Le marché fut fait vite, et José s’en alla
Embrassant le goret sur sa mâle poitrine.
La reine, en ce moment, n’était pas sa cousine.
À quelques dix arpents de là,
José, dont le bon cœur était gonflé de joie,
Fit la rencontre d’un manant
Qui trottinait avec une oie.
Ces deux messieurs s’étant salués poliment,
Comme aux champs c’est d’ailleurs la coutume ordinaire,
Chacun se raconta ce qu’il avait à faire.

Moi, disait l’homme à l’oie en vous la soupesant
Je m’en vais, de ce pas, au marché de la ville
Vendre mon jars son poids d’argent.

C’est bien le moins pour un tel volatile,
Et je vous garantis, que celui qui mordra
Dans ce rôti quand on le servira
Ne fera pas la fine bouche.

— Oui, répliquait José, la pesant à son tour,
Votre oie a bien son prix, c’est clair comme le jour,
Cela se sent quand on la touche ;
Mais mon goret, à moi vaut au moins tout autant.

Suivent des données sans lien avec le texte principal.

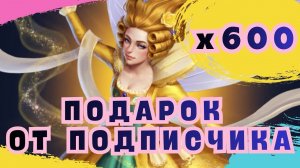 Х600 / ПОДАРОК ПОДПИСЧИКА / ИМПЕРИЯ ПАЗЛОВ / SUMMON X600 / EMPIRES & PUZZLES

— Sans doute, mon ami, mais votre affaire est louche
Tenez, à parler franchement,
On a volé tantôt dans l’étable du Maire
Un goret qui ressemble au vôtre exactement.
Si c’était celui-ci qu’on cherche maintenant »
Aussi vrai que tous deux le soleil nous éclaire
Votre procès serait tôt fait.

José crut, à ces mots, entrevoir le gibet.
Je ne vois qu’une chose à faire
Dit-il, donnez-moi l’oie et prenez le goret.

— Soit, fit l’autre en riant, merci, cher petit frère.

Voila donc José le benet
Marchant avec son oie, au bord de la rivière.
La nuit tombait. Au bout de l’horizon
On voyait, ainsi qu’un tison,
Se lever lentement la lune ;
Et les étoiles, une à une,
S’allumaient dans le ciel profond.
Sur le grand fleuve erraient des voiles,
Et les chants des gais matelots
Glissant sur la face des flots
Où se balançaient les étoiles
Faisaient résonner les échos.
José s’assit alors sur le bord de la grève,
Et comme il avait faim, il se prit à songer ;
Mais l’oie, en s’éloignant, coupa court à son rêve
Car l’oiseau libre et fier commençait à nager.

Avec lui s’envolaient la femme et le ménage
Lorsque, fort à propos, passa dans ce moment,
Un remouleur avec son instrument ;
Et ce remouleur-là se jetant à la nage
Ramena l’oie en un instant.

José le mit bien vite au fait de son histoire.

— Écoutez, mon ami, vous avez un bon cœur,
Dit le nouveau venu, d’un ton vif et moqueur,
Et nul, autant que moi, ne veut votre bonheur.
Tenez, si vous voulez m’en croire
Vous allez faire un remouleur.
En moins d’un an, ah oui ! grâce à votre énergie
Vous gagneriez cinquante écus
Et plus.

— Mille noms d’un bateau ! J’en aurais bien envie,
Je suis grand, je suis fort, je veux gagner ma vie…
Mais il me faudrait un moulin ?…

— Un moulin, dites-vous, je puis vous satisfaire,
Donnez-moi cet oiseau, je vous donne ma pierre
Et vous commencerez le métier dès demain.

— Topez-là, dit José, ceci fait mon affaire,
Et le brave garçon se remit en chemin.

Bientôt la soif le prit. Au bord de la rivière
José déposa son fardeau
Et se mit, à plat ventre, au niveau de l’eau claire :
Mais la meule, en glissant, gagna le fond de l’eau.
Le fleuve était profond… que faire ?….
Eh parbleu ! ne plus y songer.
C’est ce que fit José. Sans se décourager,
Il renonça, dès lors, aux lois du mariage,
Et l’Histoire inflexible apprendra, d’âge en âge,
À nos enfants, à nos neveux,
Qu’il revint chez son maître et fit paître ses bœufs.